Task item =>
Although the entries contain pictures, return everything else in them verbatim and omit the pictures.

Data =>
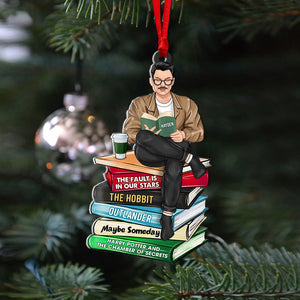 Book Man Reading Chilling, Personalized Acrylic Ornament - Ornament - GoDuckee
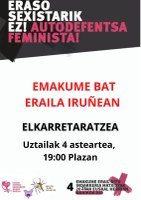 Elkarretaratzea deitu da arratsalderako, Iruñean larunbatean izan zen hilketa matxista salatzeko
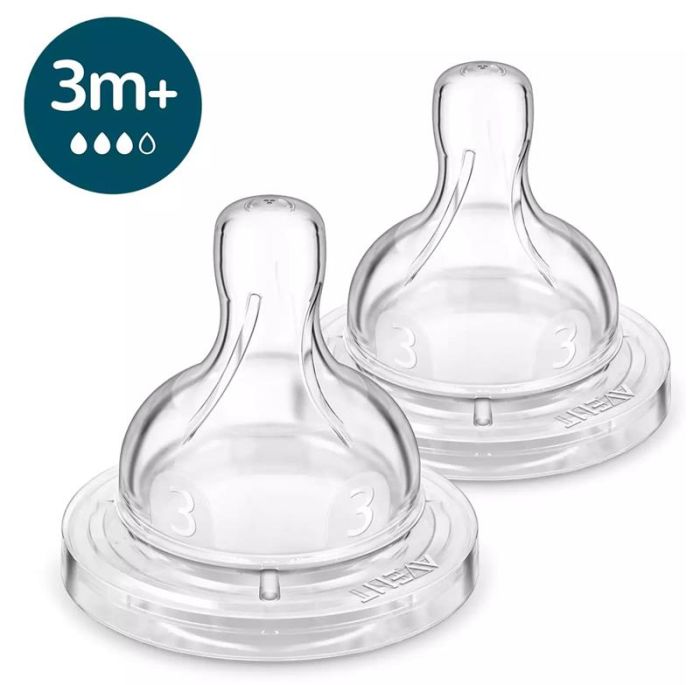 Соска Avent Anti-Colic 3міс+, силіконова, середній потік, 2шт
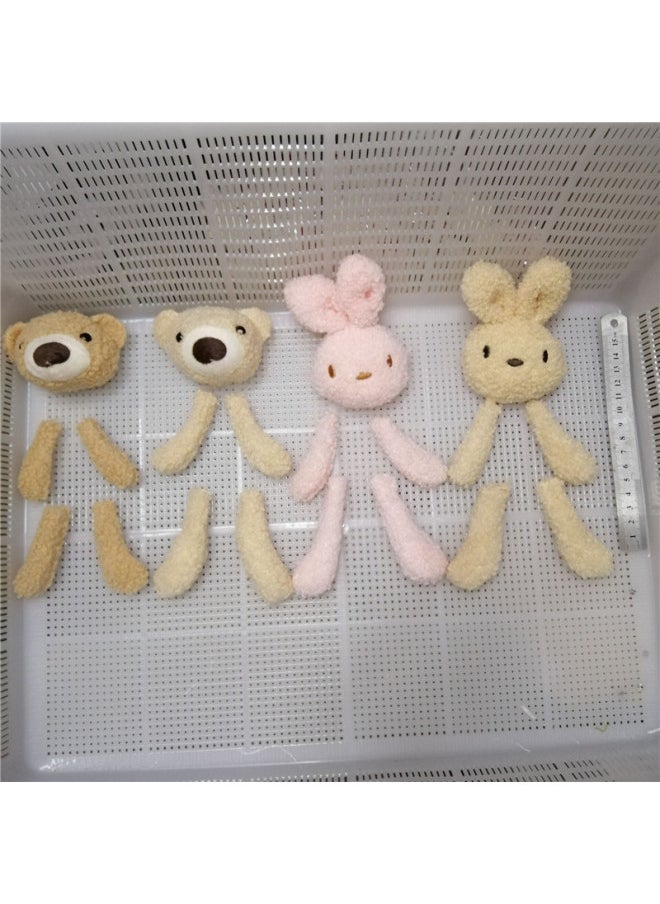 Plush Doll Doll Split White Rabbit Children's Clothes Accessories Accessories DIY Spot Wholesale-Color:Set Of Apricot Bear Limbs (a Pair Of Arms 5-6cm + A Pair Of 9cm Legs)-Height:single Price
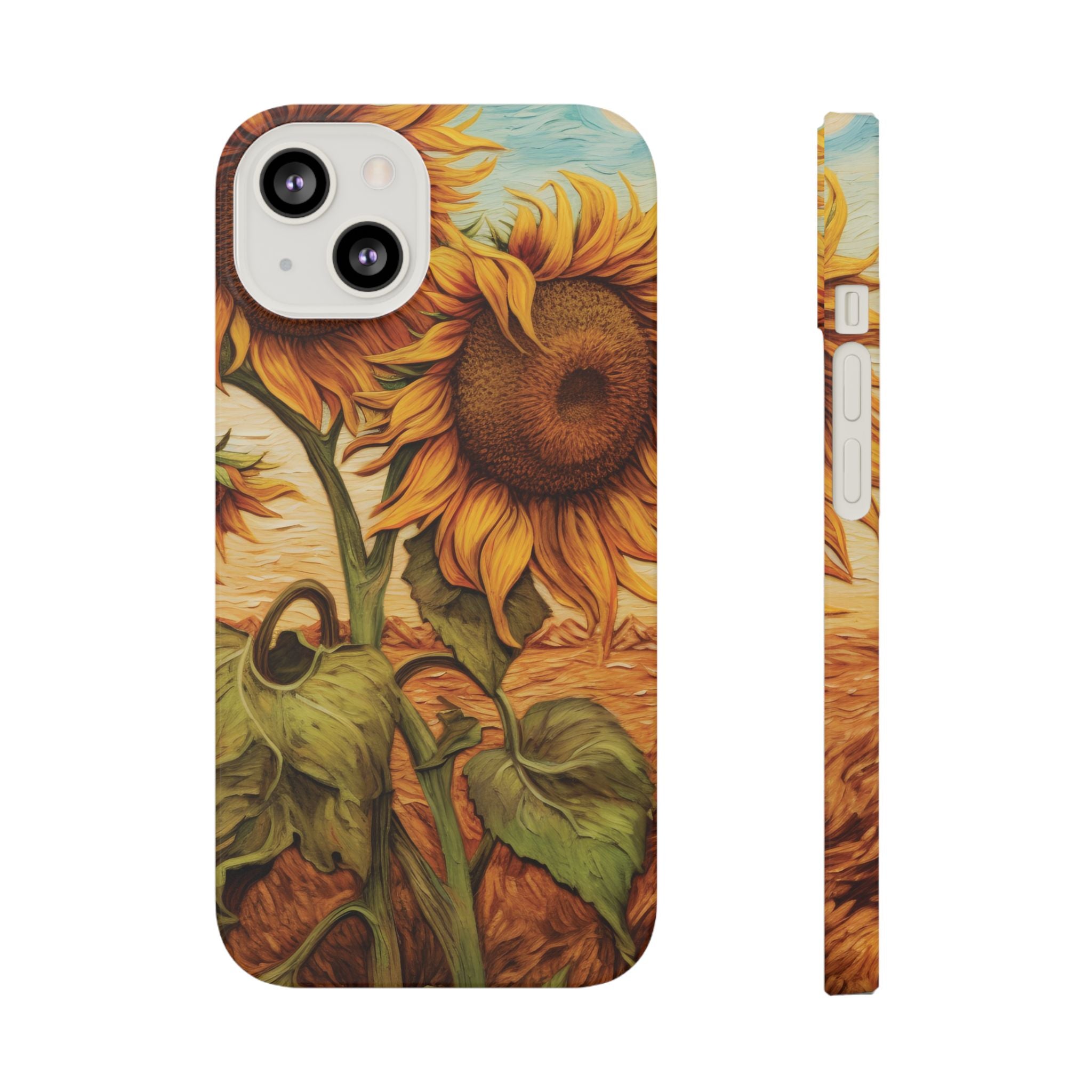 Sunflower Slim Case Artistic Van Gogh Inspired Phone Cover for Nature Lovers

Response area =>
 Book Man Reading Chilling, Personalized Acrylic Ornament - Ornament - GoDuckee
 Elkarretaratzea deitu da arratsalderako, Iruñean larunbatean izan zen hilketa matxista salatzeko
 Соска Avent Anti-Colic 3міс+, силіконова, середній потік, 2шт
 Plush Doll Doll Split White Rabbit Children's Clothes Accessories Accessories DIY Spot Wholesale-Color:Set Of Apricot Bear Limbs (a Pair Of Arms 5-6cm + A Pair Of 9cm Legs)-Height:single Price
 Sunflower Slim Case Artistic Van Gogh Inspired Phone Cover for Nature Lovers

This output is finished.